Supongo que cuando Berlioz y Mendelssohn se conocieron en Roma se
limitaron a darse la mano y quizá cruzaron a escondidas unos vasos de
absenta en las habitaciones de la Villa. Cuando hacia 1875 lo hicieron Saint-
Saëns y Chaikovski fueron mucho más allá, pues se reconocieron por sus
obras (las musicales) y se idolatraron por sus pasos (de baile). A ambos les
encantaba aquella disciplina, y además a Chaikovski aún le duraban abiertas
las alas con su Lago de los cisnes recién compuesto, así que decidieron
organizar una fiesta en la que se representó Galatea y Pigmalión, el ballet de
Rameau.
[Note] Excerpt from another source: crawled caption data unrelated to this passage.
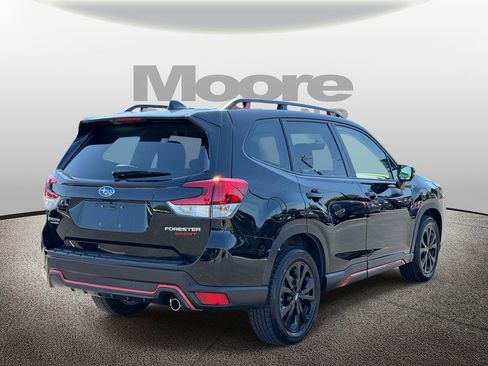 Certified 2023 Subaru Forester Sport AWD/4WD image 2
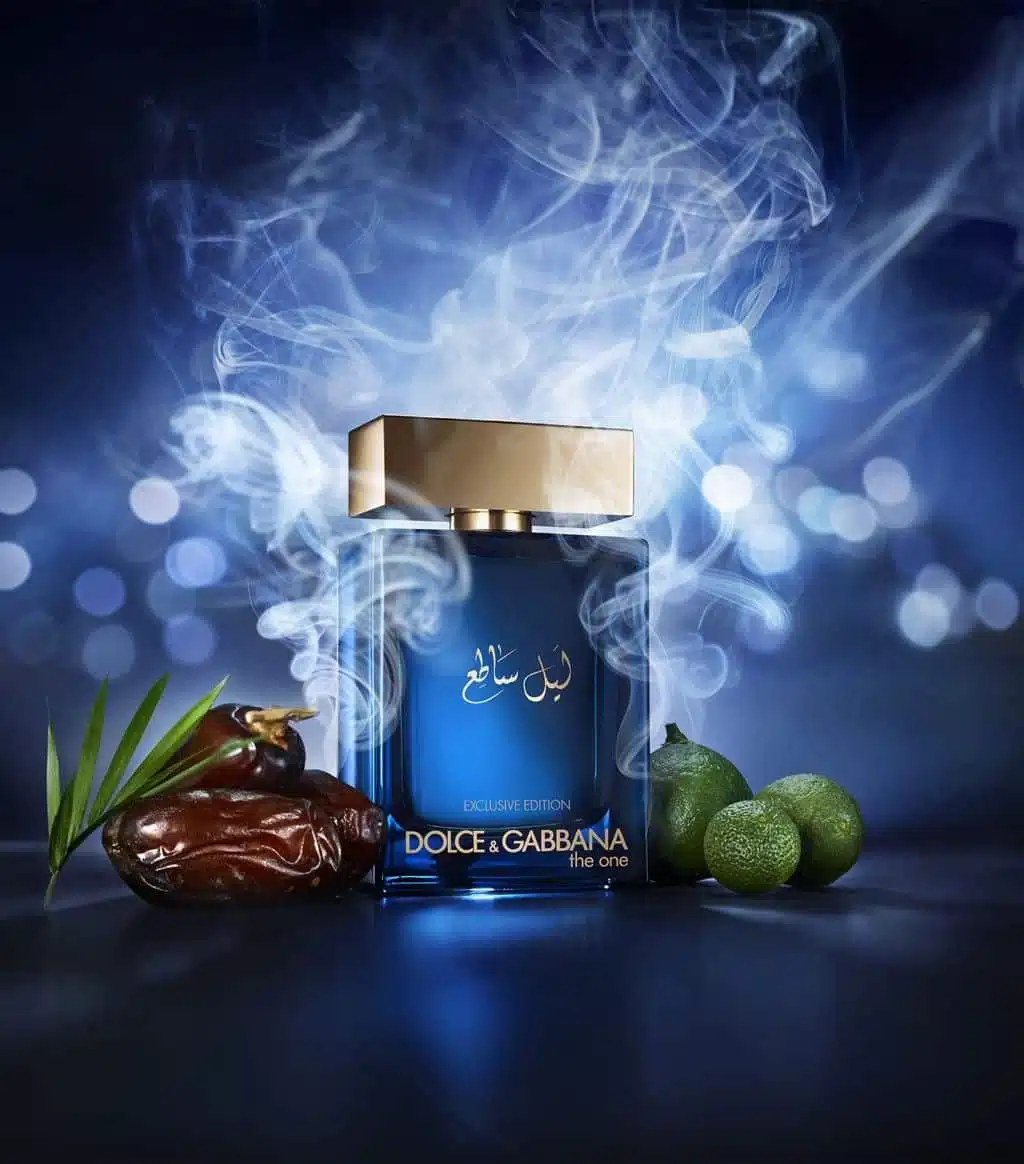 Dolce and Gabbana (D&G) The One Luminous Night Exclusive Edition EDP Perfume For Men 100ml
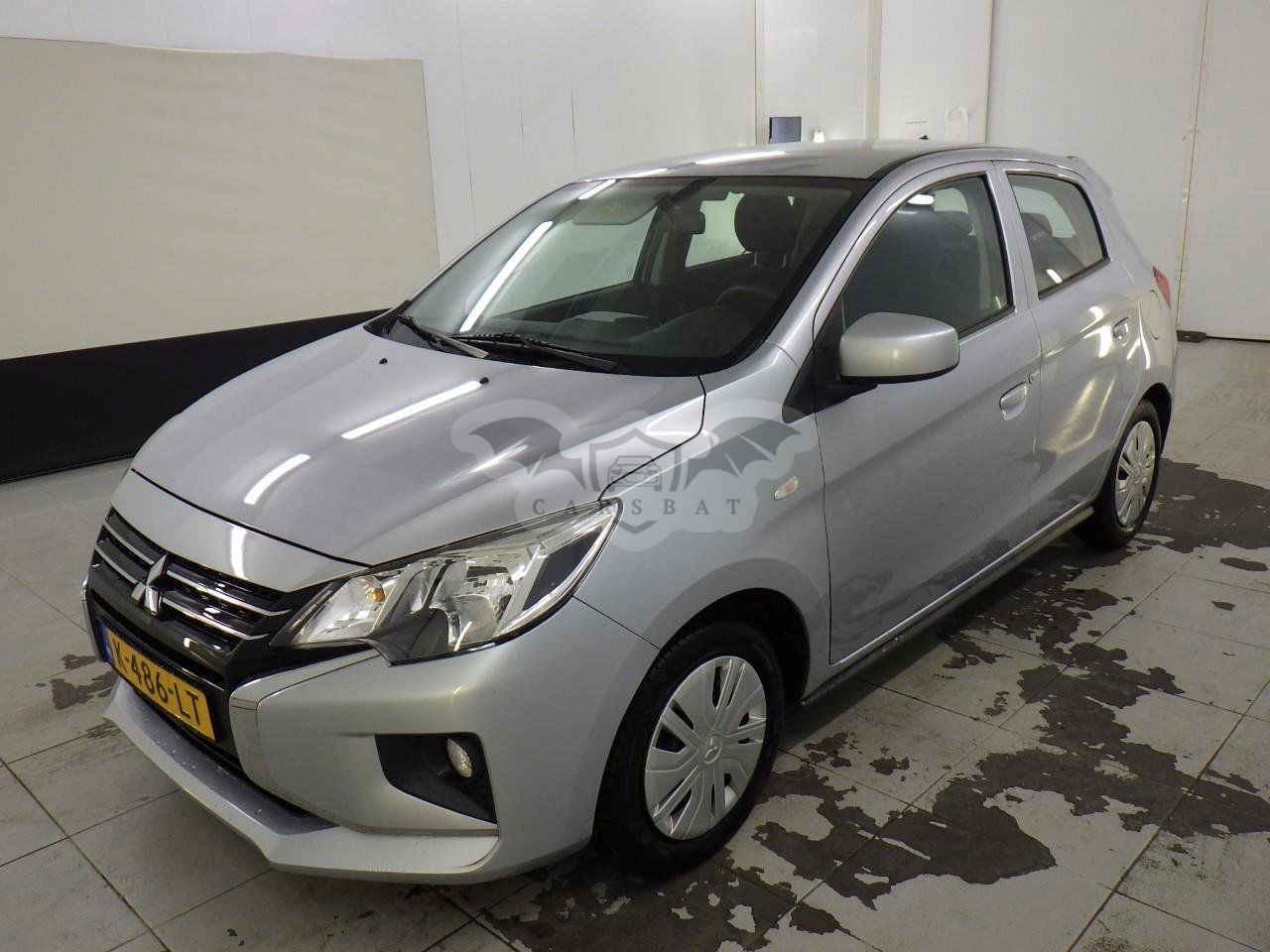 Mitsubishi Space Star 1.0 2021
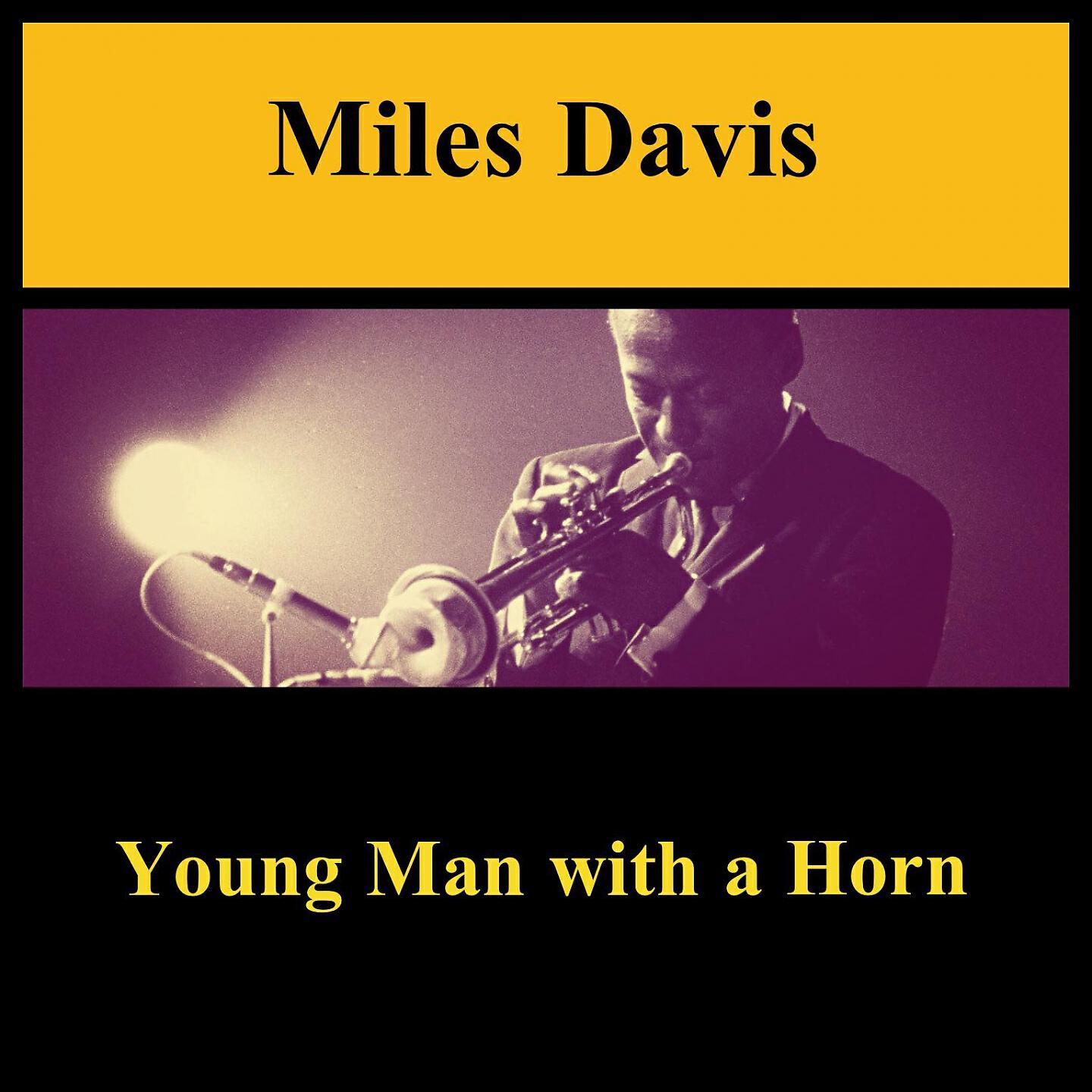Постер альбома Young Man with a Horn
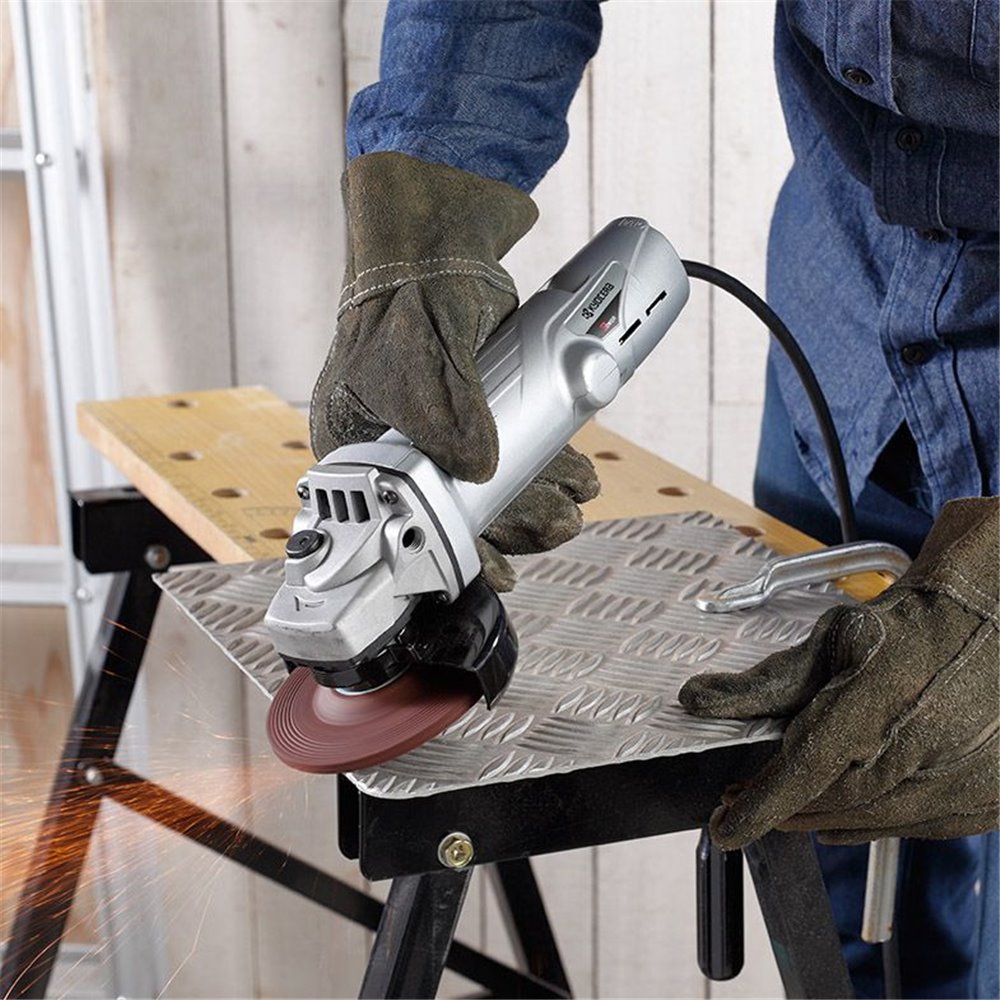 RYOBI リョービ ディスクグラインダー（低速型） G-1022H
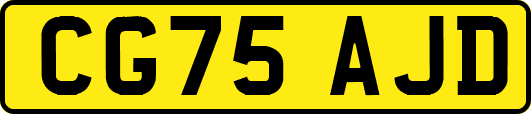 CG75AJD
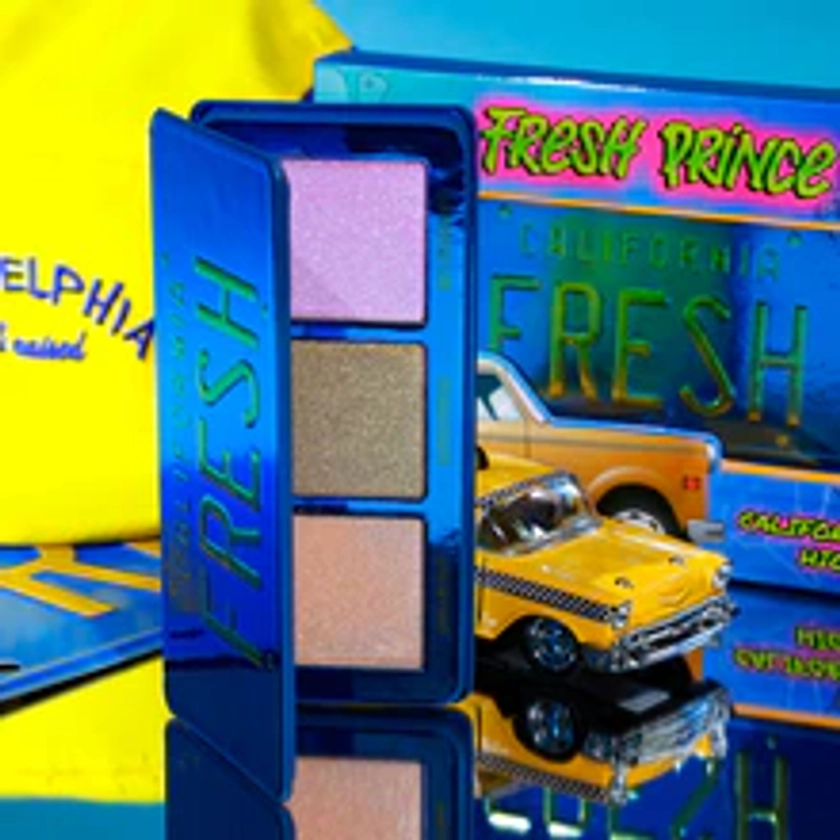 Fresh Prince x Glamlite "California Fresh" Highlighter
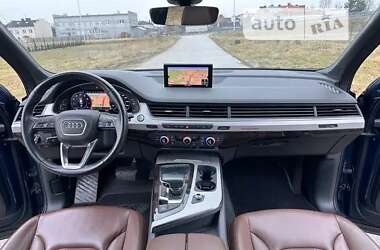Внедорожник / Кроссовер Audi Q7 2017 в Ивано-Франковске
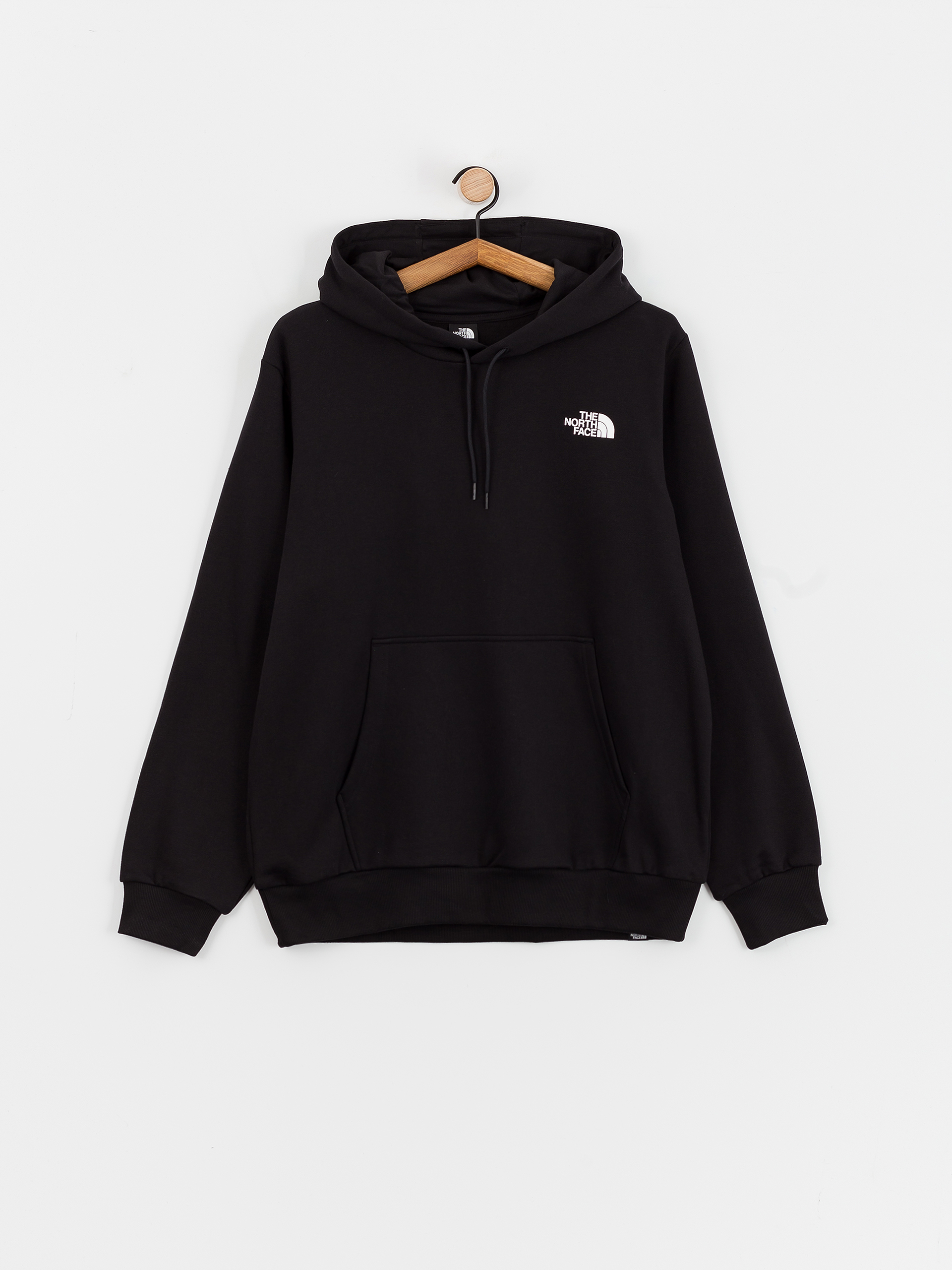 Mikina s kapucí The North Face Simple Dome HD (tnf black)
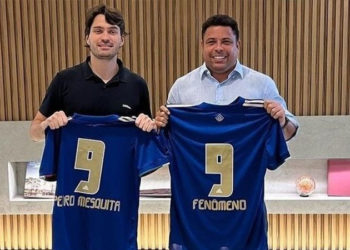 Ronaldo, Brezilya Ligi takımı Cruzeiro kulübünü satın aldı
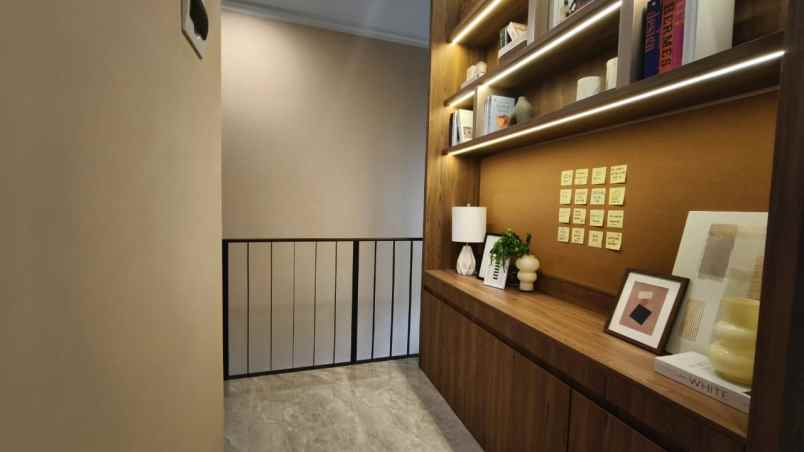 dijual rumah philo sutera rasuna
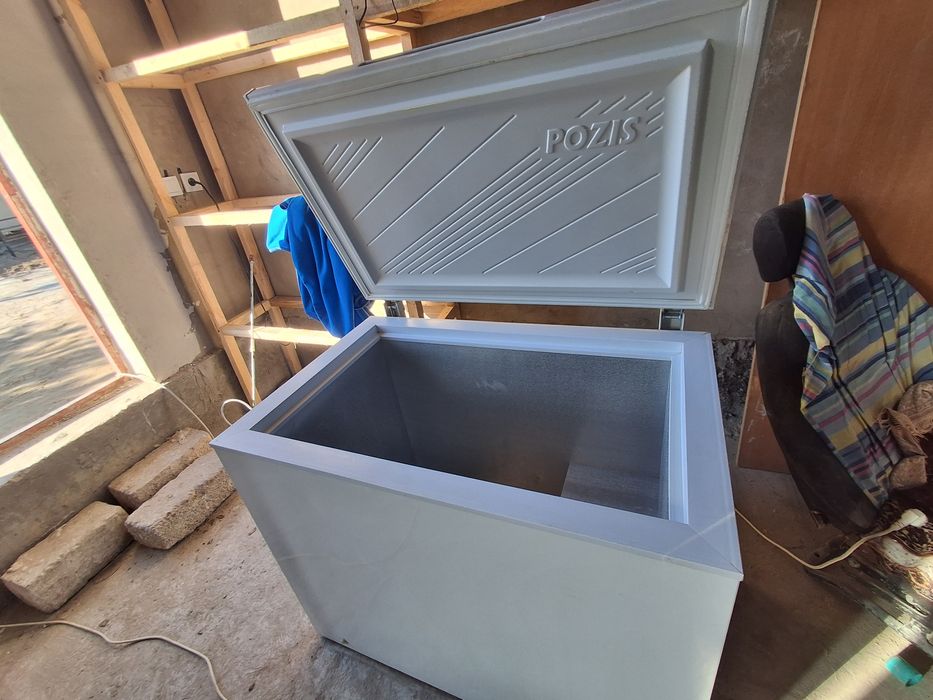 Морозильная камера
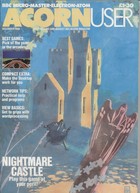 Acorn User - December 1986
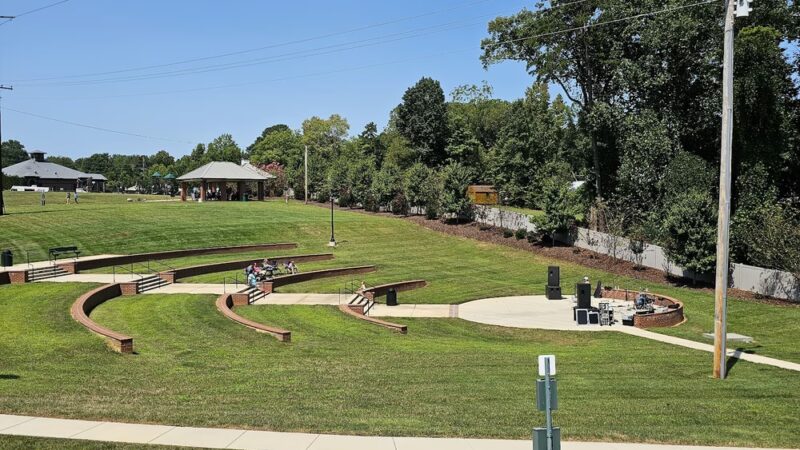 Wallburg Town Park - Winston-Salem, NC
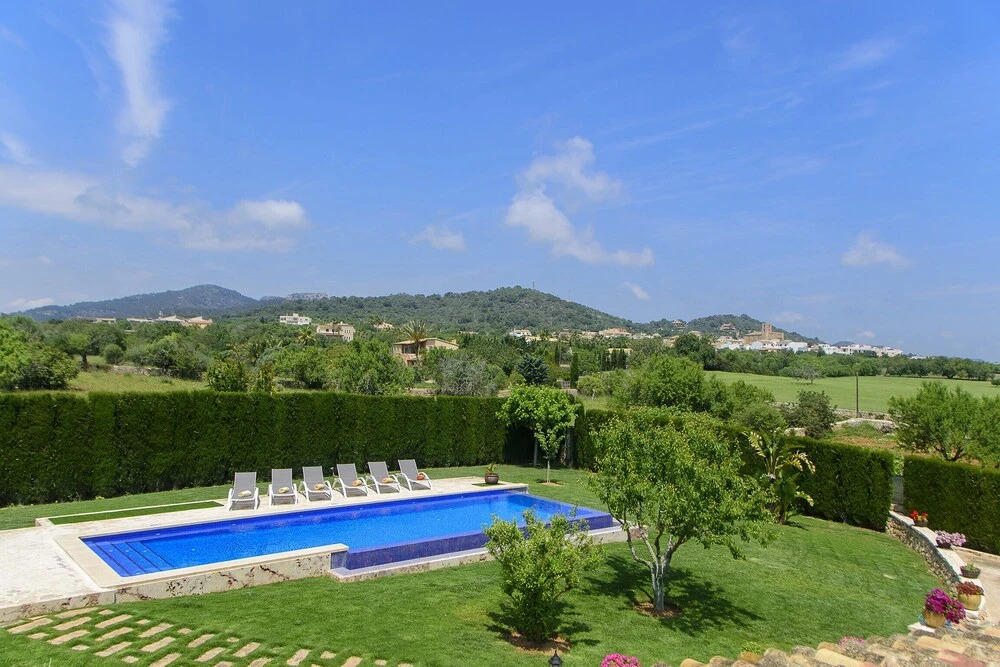 Finca Es Fasser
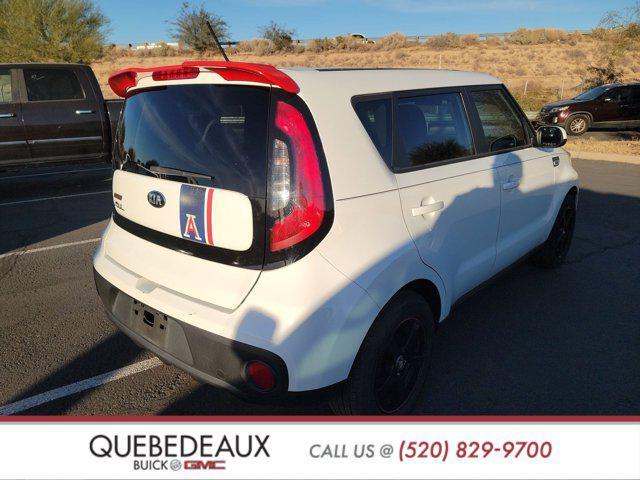 used 2017 Kia Soul car, priced at $11,448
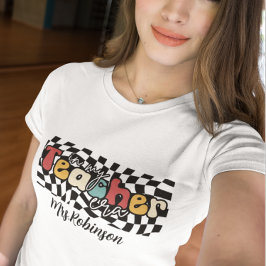 T-shirt met retro cadeau voor mijn tijdperk als le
El ruso encarnó el papel de Pigmalión y el francés el de Galatea,
aquella estatua convertida en mujer; en cuanto a Anton Rubinstein respiró
aliviado cuando lo pusieron a tocar el piano. ¡Qué sanos pasatiempos esos en
los que dos amigos se encontraban y se limitaban a buscar la vida en las
mujeres y no mujeres de la vida! A Arthur Rubinstein este segundo tipo de
búsquedas le fascinaban, y si era buena para él también lo debía ser para
sus amigos. El más permeable para dejarse embrujar era Stravinski, que
hacia 1920 andaba perdido en París, buscando por los suelos su autoestima.
En aquellos casos lo mejor que te podía pasar era encontrarte con
Rubinstein, lo que no era especialmente difícil, y ello porque te orientaba con
seguridad en la vida: o lo hacía hacia una cantina o hacia una casa de citas.
Imagínense qué le tocó al ruso. «Fue la primera vez que no participé,
limitándome a esperar. Luego de media hora Stravinski apareció con aire
triunfal y dijo con admiración: “Cette femme est géniale”», según reveló el
polaco en Mi larga vida.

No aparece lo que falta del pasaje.